The Latest Chapter in the Fall of Doubledown
Court documents reveal more than 350 claims against shuttered company.
The story of the fall of Doubledown Media, the once-rising publisher of magazines aimed at the Wall Street elite, continues to produce twists worthy of a John Grisham novel.
The latest chapter: according to court documents obtained by FOLIO:, more than 350 claims have been made against Doubledown, a group including ex-employees, investors, three printers, vendors, designers, writers, lawyers and more.
Click here for PDFs of the court documents: DEBTS | FINANCIALS
According to a former employee, the creditors associated with the claims were sent letters this week from the bankruptcy court.
There are 349 “non-priority unsecured claims”—totaling $3,166,947.45—against the company. Some familiar names appear on the list, including BPA Worldwide ($17,269.64), Fry Communications ($139,109.16), Hallmark Data Systems ($125,057.29), MagazineRadar ($11,250), Mediabistro ($1,116), Quebecor World ($335,816.66), SRDS ($1,626), Statlistics ($6,896.46), Time Inc. ($2,100) and Vanguard Printing ($10,549.98).

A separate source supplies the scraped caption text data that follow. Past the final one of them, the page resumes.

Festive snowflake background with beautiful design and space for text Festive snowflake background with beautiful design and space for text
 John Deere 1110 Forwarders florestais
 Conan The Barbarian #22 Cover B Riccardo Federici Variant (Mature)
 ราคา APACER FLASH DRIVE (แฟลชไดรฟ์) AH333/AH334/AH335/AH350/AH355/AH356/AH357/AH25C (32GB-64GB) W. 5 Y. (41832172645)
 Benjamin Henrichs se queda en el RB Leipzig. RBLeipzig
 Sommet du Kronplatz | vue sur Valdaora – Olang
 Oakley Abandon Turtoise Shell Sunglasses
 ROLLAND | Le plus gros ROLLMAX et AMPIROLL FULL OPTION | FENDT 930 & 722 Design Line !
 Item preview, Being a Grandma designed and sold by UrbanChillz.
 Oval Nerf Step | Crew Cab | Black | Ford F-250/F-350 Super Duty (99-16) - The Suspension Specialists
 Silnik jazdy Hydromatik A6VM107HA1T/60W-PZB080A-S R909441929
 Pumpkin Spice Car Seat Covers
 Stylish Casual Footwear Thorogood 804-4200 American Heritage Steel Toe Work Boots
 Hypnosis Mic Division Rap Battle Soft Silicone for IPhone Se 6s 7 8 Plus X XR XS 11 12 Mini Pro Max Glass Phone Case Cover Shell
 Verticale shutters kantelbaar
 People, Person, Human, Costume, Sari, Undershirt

Also included in this section are Doubledown co-founder Magnus Greaves ($35,000), chairman and primary investor Jim Dunning ($197,195.84), Doubledown CFO Paul Fish ($3,125), Cigar Report publisher Aaron Sigmund ($237.37), as well as a pair of additional claims of $3,424.24 and $50,000 for founder Randall Lane [pictured].
Dee Dee Morrison, the founder of Private Air magazine, is owed $112,536.82 stemming from a “judgment” she was awarded in a dispute with Doubledown. (Doubledown bought Private Air from Morrison in January 2007, and fired her later that year.)
Even Lea Lane Stern, Lane’s mother, is owed $121,050.38. She is listed as a “lender.”
There are two “priority secured” claims: Dunning, who is owed $300,000—the amount he loaned Doubledown late last year to cover operating expenses—and Keltic Financial Partners, which is owed $431,424.72.
Next on the totem pole are 19 “priority unsecured” claims, including wages from unpaid former employees. Those claims total $57,754.42—including an additional $3,022.50 to Fish and $3,281.25 to Lane.
In all, there are $4 million in claims, according to the documents. All creditors named have until August 24 to file a claim.
Nearly half of Doubledown’s assets include $1,013,520.43 in accounts receivable—money Doubledown has yet to be paid. Other assets include $174,294.72 in office equipment and supplies, Gevril watches—worth some $103,000—and $4,312.38 among three checking/financial accounts.
Withdrawals Draw Ire
The filings will likely draw additional ire of some of those owed. According to a financial statement, Lane and Dunning each recently withdrew hefty, six-figure sums—Lane some $151,172.80 in 2008 salary and expenses, and Dunning $103,146.58 in “interest on a loan.”
Lane defended the payout, telling the New York Post that he had "taken a 50 percent pay cut and personally put in about $50,000 of my own money to make payroll at the end."
"I put my entire life savings into the company," Lane said.
In February, Doubledown folded.
“These are unprecedented times,” president Randall Lane wrote in an e-mail to staffers. “The combination of the media depression, the Wall Street implosion and the credit slowdown were collectively too much for our company—probably any company in our shoes—to overcome.”
At the time, the New York-based publisher of Trader Monthly, Dealmaker, Private Air, Corporate Leader and the Cigar Report—which had been forced to cut the frequency and circulation of its titles, lay off more than a third of its staff and reduce salaries for the rest—was working desperately to find a buyer.
A creditor’s meeting is scheduled for May 26 in New York.